(DATA SHOWN begins)

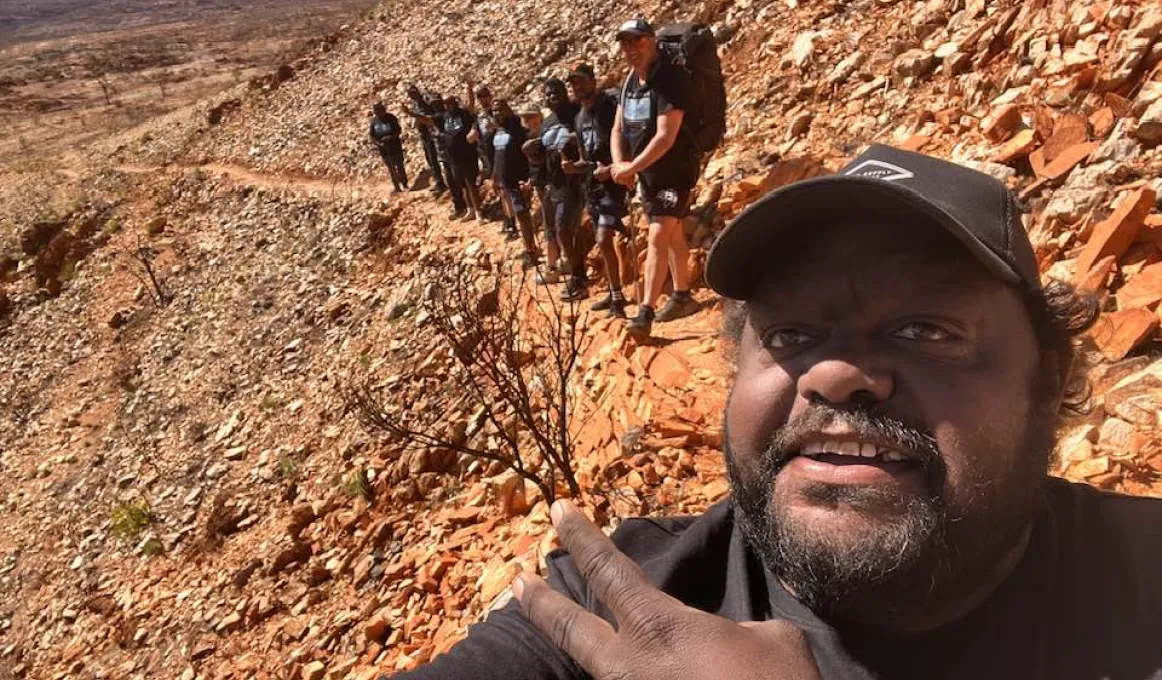 Benji Kenny takes a selfie with the team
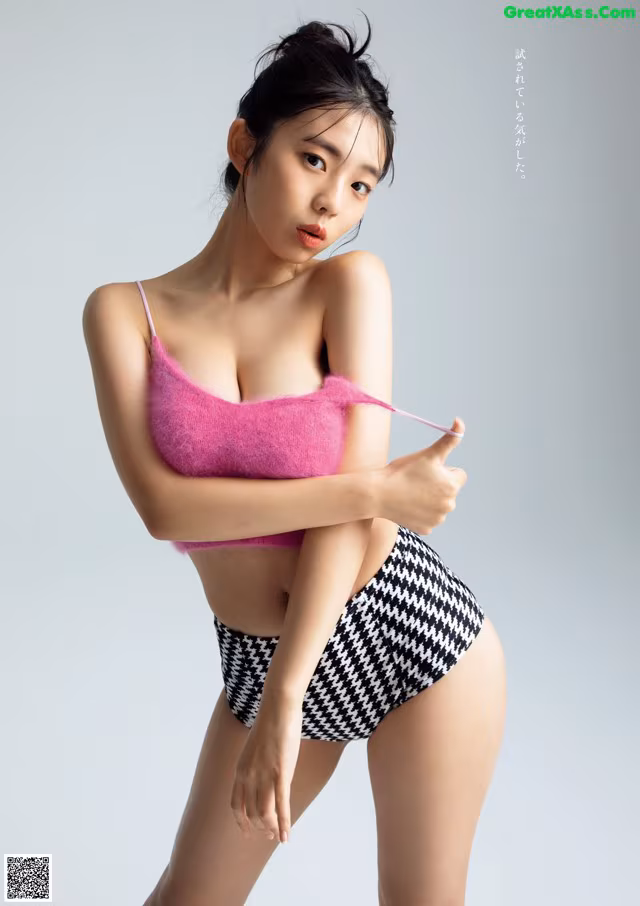A woman in a pink top and black and white houndstooth shorts.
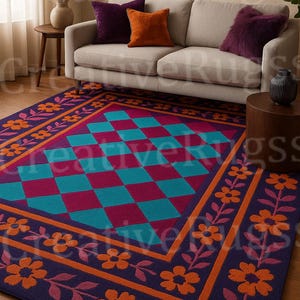 May include: A rectangular area rug with a geometric design. The rug features a central pattern of teal and magenta diamonds, framed by a border of orange flowers and a dark purple background. The rug is placed in a living room setting.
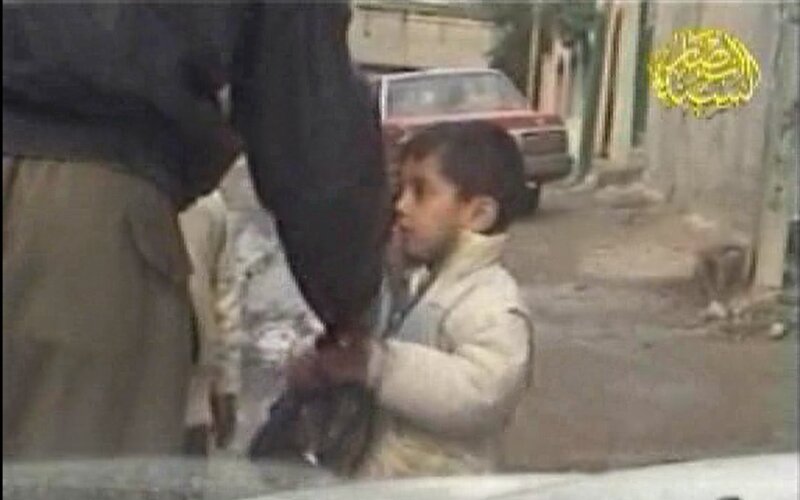 イスラーム過激派武装勢力の戦闘員に施しの肉を押し付けられて恐怖で硬直する小児。出典：アンサール・スンナ軍。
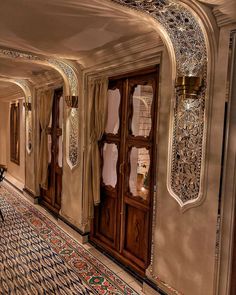 an ornately decorated hallway with wooden doors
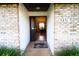 Inviting entryway with brick accents, leading into a bright and open dining area at 5351 Sw 80Th Pl, Ocala, FL 34476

(DATA SHOWN ends)

[WORK REQUIRED] Restate the data word for word without pictures.

[RESULT OF THE EXERCISE]
 Benji Kenny takes a selfie with the team
A woman in a pink top and black and white houndstooth shorts.
 May include: A rectangular area rug with a geometric design. The rug features a central pattern of teal and magenta diamonds, framed by a border of orange flowers and a dark purple background. The rug is placed in a living room setting.
 イスラーム過激派武装勢力の戦闘員に施しの肉を押し付けられて恐怖で硬直する小児。出典：アンサール・スンナ軍。
 an ornately decorated hallway with wooden doors
 Inviting entryway with brick accents, leading into a bright and open dining area at 5351 Sw 80Th Pl, Ocala, FL 34476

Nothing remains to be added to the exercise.